Insights into the chemical diversity of the martian mantle from the Pb isotope systematics of shergottite Northwest Africa 8159

Abstract

Shergottite Northwest Africa (NWA) 8159 is a basaltic rock derived from a mantle source with chemical characteristics that are unique in the martian meteorite suite. To further investigate this source reservoir, the Pb isotope compositions of plagioclase/maskelynite, pyroxene, phosphates, and shock melt-glass in NWA 8159 have been measured in situ by Secondary Ion Mass Spectrometry (SIMS).
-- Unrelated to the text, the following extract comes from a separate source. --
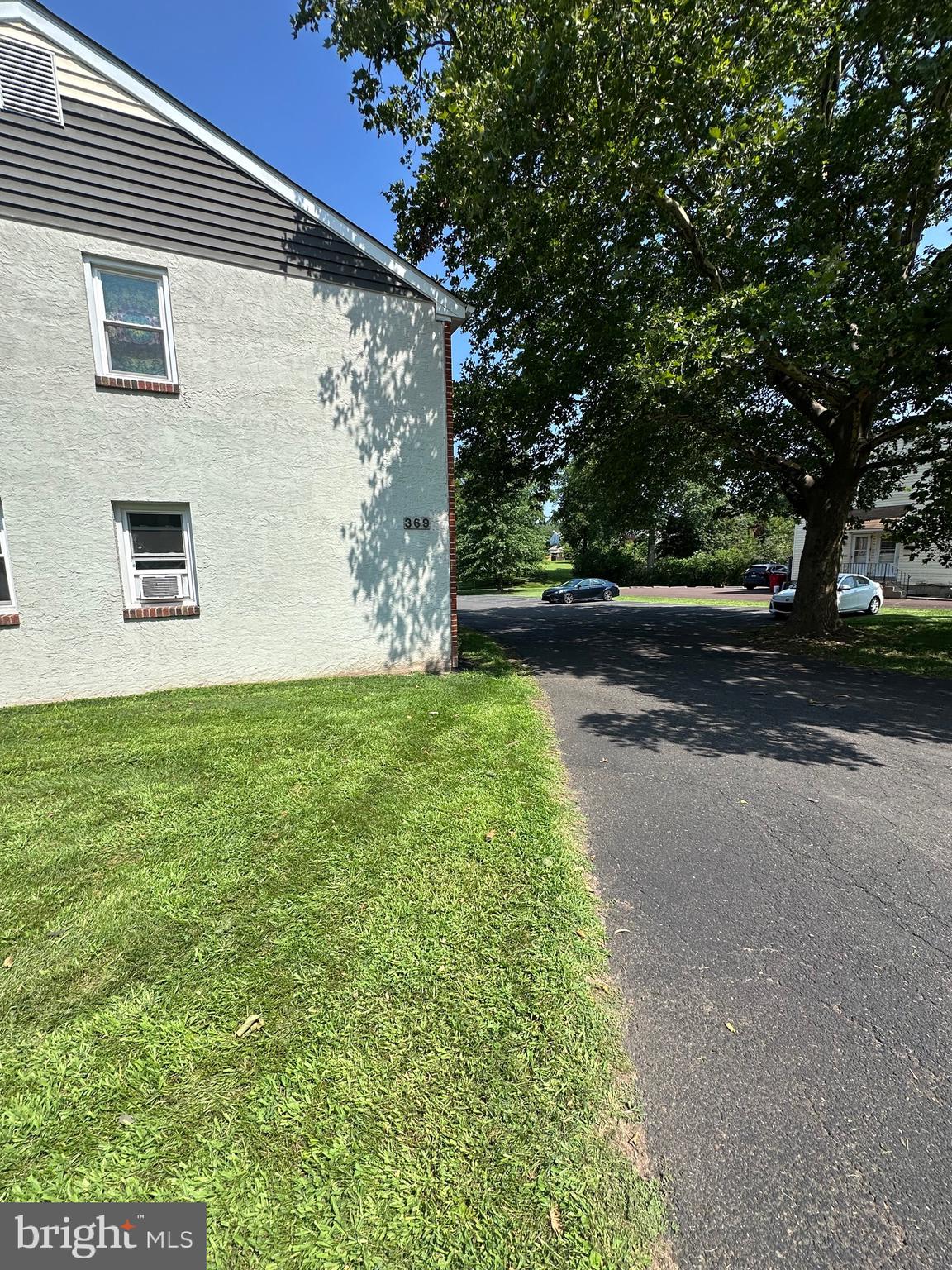 369 W BROAD STREET 6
Due to the limited spread in Pb isotope data, these Pb isotope compositions have been used to calculate an imprecise PbPb isochron age of 3.4 ± 2.1 Ga (2σ), which is broadly consistent with the crystallization age of 2.37 ± 0.25 Ga determined previously by 147Sm143Nd. The lack of radiogenic in-growth within individual minerals since 2.4 Ga means that this sample is depleted in U, which is in agreement with NWA 8159's positive initial ε143Nd. An initial Pb composition was calculated using an x-y weighted average of the least radiogenic Pb isotope population measured in the sample. This initial Pb composition is not consistent with the model for Pb growth in the shergottite mantle at 2.4 Ga. This composition is, however, consistent with the model for the Nakhla-Chassigny mantle. Using the latter model, a source μ (238U/204Pb) of 2.6 ± 0.6 has been calculated. This μ-value is in contrast with the other depleted shergottites (1.4-1.5) and falls significantly off the array of source ε143Nd vs. μ defined by the rest of the martian meteorite suite and thus, necessitates a differentiation history distinct from the other martian meteorites. Sequestering Pb in sulphides during differentiation is the only mechanism to fractionate U from Pb and create a low-μ reservoir. Consequently, the relatively high μ-value of the source of NWA 8159 is in contrast with the positive initial ε143Nd and indicates that its mantle source region likely lacked significant sulphur. This is consistent with the lack of sulphides in the sample itself and could have played a role in its complicated oxidation history.